Task material »
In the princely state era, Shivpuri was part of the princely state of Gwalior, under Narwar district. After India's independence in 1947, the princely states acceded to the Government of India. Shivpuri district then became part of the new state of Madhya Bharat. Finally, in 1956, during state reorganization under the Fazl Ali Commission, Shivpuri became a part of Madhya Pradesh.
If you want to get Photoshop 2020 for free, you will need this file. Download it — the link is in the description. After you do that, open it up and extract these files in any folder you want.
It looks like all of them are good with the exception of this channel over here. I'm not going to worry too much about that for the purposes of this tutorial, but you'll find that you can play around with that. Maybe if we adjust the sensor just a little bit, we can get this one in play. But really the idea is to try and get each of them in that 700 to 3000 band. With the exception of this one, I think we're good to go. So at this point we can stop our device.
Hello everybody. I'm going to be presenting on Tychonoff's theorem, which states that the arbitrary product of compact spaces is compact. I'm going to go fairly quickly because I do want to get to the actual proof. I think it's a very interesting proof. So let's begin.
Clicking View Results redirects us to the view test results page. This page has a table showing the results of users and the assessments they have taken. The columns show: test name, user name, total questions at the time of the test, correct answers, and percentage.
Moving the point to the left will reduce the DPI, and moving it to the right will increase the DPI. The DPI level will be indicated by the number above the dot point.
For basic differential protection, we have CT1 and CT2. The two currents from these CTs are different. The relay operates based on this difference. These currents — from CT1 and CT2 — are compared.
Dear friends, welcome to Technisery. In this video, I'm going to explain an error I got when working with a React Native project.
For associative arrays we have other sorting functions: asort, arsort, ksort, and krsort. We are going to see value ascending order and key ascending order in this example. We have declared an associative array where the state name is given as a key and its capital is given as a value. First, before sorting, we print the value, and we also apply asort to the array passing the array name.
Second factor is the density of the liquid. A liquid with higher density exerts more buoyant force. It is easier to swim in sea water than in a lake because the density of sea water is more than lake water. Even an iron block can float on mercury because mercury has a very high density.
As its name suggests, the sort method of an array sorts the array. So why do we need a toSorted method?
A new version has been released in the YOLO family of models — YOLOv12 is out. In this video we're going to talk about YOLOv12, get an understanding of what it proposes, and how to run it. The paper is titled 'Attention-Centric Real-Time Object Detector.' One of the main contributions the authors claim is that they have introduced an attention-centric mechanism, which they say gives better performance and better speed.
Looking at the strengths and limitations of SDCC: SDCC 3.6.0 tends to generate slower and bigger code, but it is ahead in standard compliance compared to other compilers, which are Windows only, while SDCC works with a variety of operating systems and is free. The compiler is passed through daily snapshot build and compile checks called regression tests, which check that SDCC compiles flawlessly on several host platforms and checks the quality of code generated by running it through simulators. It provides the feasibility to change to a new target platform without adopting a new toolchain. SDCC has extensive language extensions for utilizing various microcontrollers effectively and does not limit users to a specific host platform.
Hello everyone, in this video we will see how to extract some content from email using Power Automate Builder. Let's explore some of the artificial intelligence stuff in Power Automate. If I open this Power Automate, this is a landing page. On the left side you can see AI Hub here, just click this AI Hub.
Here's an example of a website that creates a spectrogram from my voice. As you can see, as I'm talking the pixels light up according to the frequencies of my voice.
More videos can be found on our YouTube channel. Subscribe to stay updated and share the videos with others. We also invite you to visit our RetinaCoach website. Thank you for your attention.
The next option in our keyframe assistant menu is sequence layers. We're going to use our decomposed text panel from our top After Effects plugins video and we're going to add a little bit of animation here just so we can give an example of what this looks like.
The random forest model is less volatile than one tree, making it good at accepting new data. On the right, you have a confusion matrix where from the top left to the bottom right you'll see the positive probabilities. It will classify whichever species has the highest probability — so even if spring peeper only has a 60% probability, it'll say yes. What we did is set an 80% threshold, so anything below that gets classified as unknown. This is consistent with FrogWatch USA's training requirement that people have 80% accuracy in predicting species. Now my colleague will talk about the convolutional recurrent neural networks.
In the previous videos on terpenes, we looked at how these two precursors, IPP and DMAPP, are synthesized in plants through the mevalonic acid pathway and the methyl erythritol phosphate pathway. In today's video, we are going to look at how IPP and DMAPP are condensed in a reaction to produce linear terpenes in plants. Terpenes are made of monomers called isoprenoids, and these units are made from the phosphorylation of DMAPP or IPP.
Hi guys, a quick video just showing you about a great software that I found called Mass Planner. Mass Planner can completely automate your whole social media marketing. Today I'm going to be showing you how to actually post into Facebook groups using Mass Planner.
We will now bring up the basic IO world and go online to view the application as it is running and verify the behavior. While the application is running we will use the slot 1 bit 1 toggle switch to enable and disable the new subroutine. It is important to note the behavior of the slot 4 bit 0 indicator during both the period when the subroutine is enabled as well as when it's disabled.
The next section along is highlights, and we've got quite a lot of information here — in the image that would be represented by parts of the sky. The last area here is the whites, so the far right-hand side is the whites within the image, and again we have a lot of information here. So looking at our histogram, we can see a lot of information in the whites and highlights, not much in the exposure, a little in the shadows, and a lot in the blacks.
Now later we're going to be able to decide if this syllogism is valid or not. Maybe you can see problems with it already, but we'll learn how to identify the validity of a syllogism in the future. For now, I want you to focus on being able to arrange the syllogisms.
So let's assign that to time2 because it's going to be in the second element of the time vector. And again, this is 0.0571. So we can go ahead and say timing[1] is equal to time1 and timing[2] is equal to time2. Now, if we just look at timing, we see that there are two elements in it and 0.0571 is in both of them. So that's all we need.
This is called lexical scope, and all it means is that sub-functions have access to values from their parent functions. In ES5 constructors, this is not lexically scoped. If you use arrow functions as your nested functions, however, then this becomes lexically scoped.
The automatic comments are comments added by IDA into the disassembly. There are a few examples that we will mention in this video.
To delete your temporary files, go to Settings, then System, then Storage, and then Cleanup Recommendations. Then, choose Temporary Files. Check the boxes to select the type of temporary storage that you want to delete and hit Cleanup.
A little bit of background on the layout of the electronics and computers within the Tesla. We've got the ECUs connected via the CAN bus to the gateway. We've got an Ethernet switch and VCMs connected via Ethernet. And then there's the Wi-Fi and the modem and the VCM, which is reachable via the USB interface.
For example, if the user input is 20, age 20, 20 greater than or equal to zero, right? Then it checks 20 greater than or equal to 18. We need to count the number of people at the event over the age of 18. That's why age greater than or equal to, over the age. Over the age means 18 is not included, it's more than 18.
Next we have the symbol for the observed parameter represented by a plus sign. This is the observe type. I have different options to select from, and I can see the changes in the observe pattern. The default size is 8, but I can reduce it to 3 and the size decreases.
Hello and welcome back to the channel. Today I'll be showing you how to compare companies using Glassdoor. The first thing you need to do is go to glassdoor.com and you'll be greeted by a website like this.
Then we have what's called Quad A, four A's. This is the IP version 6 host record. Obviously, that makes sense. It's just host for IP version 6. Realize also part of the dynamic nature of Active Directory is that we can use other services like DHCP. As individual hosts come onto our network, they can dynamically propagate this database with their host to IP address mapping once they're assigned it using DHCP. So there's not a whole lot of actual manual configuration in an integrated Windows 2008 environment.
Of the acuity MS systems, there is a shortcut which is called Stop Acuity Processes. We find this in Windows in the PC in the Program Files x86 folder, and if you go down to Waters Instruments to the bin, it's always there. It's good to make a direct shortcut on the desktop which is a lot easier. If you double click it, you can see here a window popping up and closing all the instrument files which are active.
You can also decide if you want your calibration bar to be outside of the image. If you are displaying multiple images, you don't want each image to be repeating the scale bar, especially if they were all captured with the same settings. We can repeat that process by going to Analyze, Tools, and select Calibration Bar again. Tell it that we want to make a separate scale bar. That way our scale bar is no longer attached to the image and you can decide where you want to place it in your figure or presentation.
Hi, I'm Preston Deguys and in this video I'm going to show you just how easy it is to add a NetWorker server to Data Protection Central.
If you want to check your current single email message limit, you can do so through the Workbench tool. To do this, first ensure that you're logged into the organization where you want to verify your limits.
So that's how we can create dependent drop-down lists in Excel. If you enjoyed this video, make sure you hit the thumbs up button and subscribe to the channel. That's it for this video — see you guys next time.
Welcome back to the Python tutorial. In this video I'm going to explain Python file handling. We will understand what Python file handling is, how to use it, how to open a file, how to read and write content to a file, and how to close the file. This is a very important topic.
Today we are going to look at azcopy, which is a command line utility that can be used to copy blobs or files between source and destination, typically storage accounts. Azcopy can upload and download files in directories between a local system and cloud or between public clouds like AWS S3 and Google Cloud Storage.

Aim of the exercise » Working from the material above, restate word for word the lines between the line with "If you want to check" and the line with "Welcome back to the Python", both included, and only those.

Answer below »
If you want to check your current single email message limit, you can do so through the Workbench tool. To do this, first ensure that you're logged into the organization where you want to verify your limits.
So that's how we can create dependent drop-down lists in Excel. If you enjoyed this video, make sure you hit the thumbs up button and subscribe to the channel. That's it for this video — see you guys next time.
Welcome back to the Python tutorial. In this video I'm going to explain Python file handling. We will understand what Python file handling is, how to use it, how to open a file, how to read and write content to a file, and how to close the file. This is a very important topic.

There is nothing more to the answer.